### WORK REQUIRED
The reply should hold every line of the data, unchanged and complete.

(Records from a data source)
===============

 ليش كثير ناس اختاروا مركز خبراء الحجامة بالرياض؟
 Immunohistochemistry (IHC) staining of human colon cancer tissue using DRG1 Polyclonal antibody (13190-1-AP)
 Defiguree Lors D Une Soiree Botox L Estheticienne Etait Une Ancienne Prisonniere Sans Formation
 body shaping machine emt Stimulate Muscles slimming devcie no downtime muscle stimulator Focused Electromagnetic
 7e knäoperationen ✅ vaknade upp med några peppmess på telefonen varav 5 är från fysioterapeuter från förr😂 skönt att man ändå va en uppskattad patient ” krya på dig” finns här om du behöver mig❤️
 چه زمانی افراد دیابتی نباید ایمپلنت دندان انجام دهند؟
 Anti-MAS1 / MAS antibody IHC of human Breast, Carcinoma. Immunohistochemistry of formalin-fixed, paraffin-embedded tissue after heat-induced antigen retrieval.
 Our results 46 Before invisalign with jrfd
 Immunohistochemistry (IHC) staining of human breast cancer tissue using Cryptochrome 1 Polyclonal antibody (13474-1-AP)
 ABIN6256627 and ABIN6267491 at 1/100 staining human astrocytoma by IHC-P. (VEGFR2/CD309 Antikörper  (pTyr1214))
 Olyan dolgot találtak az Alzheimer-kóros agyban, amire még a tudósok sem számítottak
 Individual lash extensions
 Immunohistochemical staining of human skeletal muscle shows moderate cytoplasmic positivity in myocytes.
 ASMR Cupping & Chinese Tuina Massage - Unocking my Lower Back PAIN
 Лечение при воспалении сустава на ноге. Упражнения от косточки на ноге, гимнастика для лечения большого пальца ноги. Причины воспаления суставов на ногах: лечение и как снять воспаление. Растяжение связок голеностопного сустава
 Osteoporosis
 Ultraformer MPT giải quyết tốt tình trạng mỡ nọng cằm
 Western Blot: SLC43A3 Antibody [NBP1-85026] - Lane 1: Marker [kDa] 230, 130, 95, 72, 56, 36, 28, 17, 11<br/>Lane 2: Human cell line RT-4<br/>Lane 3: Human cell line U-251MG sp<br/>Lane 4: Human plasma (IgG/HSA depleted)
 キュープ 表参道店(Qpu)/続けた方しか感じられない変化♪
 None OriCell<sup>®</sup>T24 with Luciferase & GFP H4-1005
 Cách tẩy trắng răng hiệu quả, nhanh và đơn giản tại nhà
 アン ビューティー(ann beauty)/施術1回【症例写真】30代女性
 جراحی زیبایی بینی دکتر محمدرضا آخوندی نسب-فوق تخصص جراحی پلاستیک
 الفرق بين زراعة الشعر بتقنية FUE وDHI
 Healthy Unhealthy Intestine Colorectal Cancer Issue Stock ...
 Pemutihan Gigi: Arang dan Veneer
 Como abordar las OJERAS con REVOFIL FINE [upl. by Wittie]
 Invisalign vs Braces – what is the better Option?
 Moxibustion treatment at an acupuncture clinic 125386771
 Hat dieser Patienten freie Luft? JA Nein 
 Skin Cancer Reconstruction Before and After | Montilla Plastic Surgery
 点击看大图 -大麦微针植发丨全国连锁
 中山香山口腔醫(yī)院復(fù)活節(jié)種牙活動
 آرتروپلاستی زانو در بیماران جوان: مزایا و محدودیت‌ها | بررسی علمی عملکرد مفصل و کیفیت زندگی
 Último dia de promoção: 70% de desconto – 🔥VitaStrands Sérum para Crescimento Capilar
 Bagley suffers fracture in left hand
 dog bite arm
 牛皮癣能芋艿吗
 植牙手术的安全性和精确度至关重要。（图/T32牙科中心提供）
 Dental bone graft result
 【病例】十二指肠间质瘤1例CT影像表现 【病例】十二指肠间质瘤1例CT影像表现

===============

### FINAL ANSWER
 ليش كثير ناس اختاروا مركز خبراء الحجامة بالرياض؟
 Immunohistochemistry (IHC) staining of human colon cancer tissue using DRG1 Polyclonal antibody (13190-1-AP)
 Defiguree Lors D Une Soiree Botox L Estheticienne Etait Une Ancienne Prisonniere Sans Formation
 body shaping machine emt Stimulate Muscles slimming devcie no downtime muscle stimulator Focused Electromagnetic
 7e knäoperationen ✅ vaknade upp med några peppmess på telefonen varav 5 är från fysioterapeuter från förr😂 skönt att man ändå va en uppskattad patient ” krya på dig” finns här om du behöver mig❤️
 چه زمانی افراد دیابتی نباید ایمپلنت دندان انجام دهند؟
 Anti-MAS1 / MAS antibody IHC of human Breast, Carcinoma. Immunohistochemistry of formalin-fixed, paraffin-embedded tissue after heat-induced antigen retrieval.
 Our results 46 Before invisalign with jrfd
 Immunohistochemistry (IHC) staining of human breast cancer tissue using Cryptochrome 1 Polyclonal antibody (13474-1-AP)
 ABIN6256627 and ABIN6267491 at 1/100 staining human astrocytoma by IHC-P. (VEGFR2/CD309 Antikörper  (pTyr1214))
 Olyan dolgot találtak az Alzheimer-kóros agyban, amire még a tudósok sem számítottak
 Individual lash extensions
 Immunohistochemical staining of human skeletal muscle shows moderate cytoplasmic positivity in myocytes.
 ASMR Cupping & Chinese Tuina Massage - Unocking my Lower Back PAIN
 Лечение при воспалении сустава на ноге. Упражнения от косточки на ноге, гимнастика для лечения большого пальца ноги. Причины воспаления суставов на ногах: лечение и как снять воспаление. Растяжение связок голеностопного сустава
 Osteoporosis
 Ultraformer MPT giải quyết tốt tình trạng mỡ nọng cằm
 Western Blot: SLC43A3 Antibody [NBP1-85026] - Lane 1: Marker [kDa] 230, 130, 95, 72, 56, 36, 28, 17, 11<br/>Lane 2: Human cell line RT-4<br/>Lane 3: Human cell line U-251MG sp<br/>Lane 4: Human plasma (IgG/HSA depleted)
 キュープ 表参道店(Qpu)/続けた方しか感じられない変化♪
 None OriCell<sup>®</sup>T24 with Luciferase & GFP H4-1005
 Cách tẩy trắng răng hiệu quả, nhanh và đơn giản tại nhà
 アン ビューティー(ann beauty)/施術1回【症例写真】30代女性
 جراحی زیبایی بینی دکتر محمدرضا آخوندی نسب-فوق تخصص جراحی پلاستیک
 الفرق بين زراعة الشعر بتقنية FUE وDHI
 Healthy Unhealthy Intestine Colorectal Cancer Issue Stock ...
 Pemutihan Gigi: Arang dan Veneer
 Como abordar las OJERAS con REVOFIL FINE [upl. by Wittie]
 Invisalign vs Braces – what is the better Option?
 Moxibustion treatment at an acupuncture clinic 125386771
 Hat dieser Patienten freie Luft? JA Nein 
 Skin Cancer Reconstruction Before and After | Montilla Plastic Surgery
 点击看大图 -大麦微针植发丨全国连锁
 中山香山口腔醫(yī)院復(fù)活節(jié)種牙活動
 آرتروپلاستی زانو در بیماران جوان: مزایا و محدودیت‌ها | بررسی علمی عملکرد مفصل و کیفیت زندگی
 Último dia de promoção: 70% de desconto – 🔥VitaStrands Sérum para Crescimento Capilar
 Bagley suffers fracture in left hand
 dog bite arm
 牛皮癣能芋艿吗
 植牙手术的安全性和精确度至关重要。（图/T32牙科中心提供）
 Dental bone graft result
 【病例】十二指肠间质瘤1例CT影像表现 【病例】十二指肠间质瘤1例CT影像表现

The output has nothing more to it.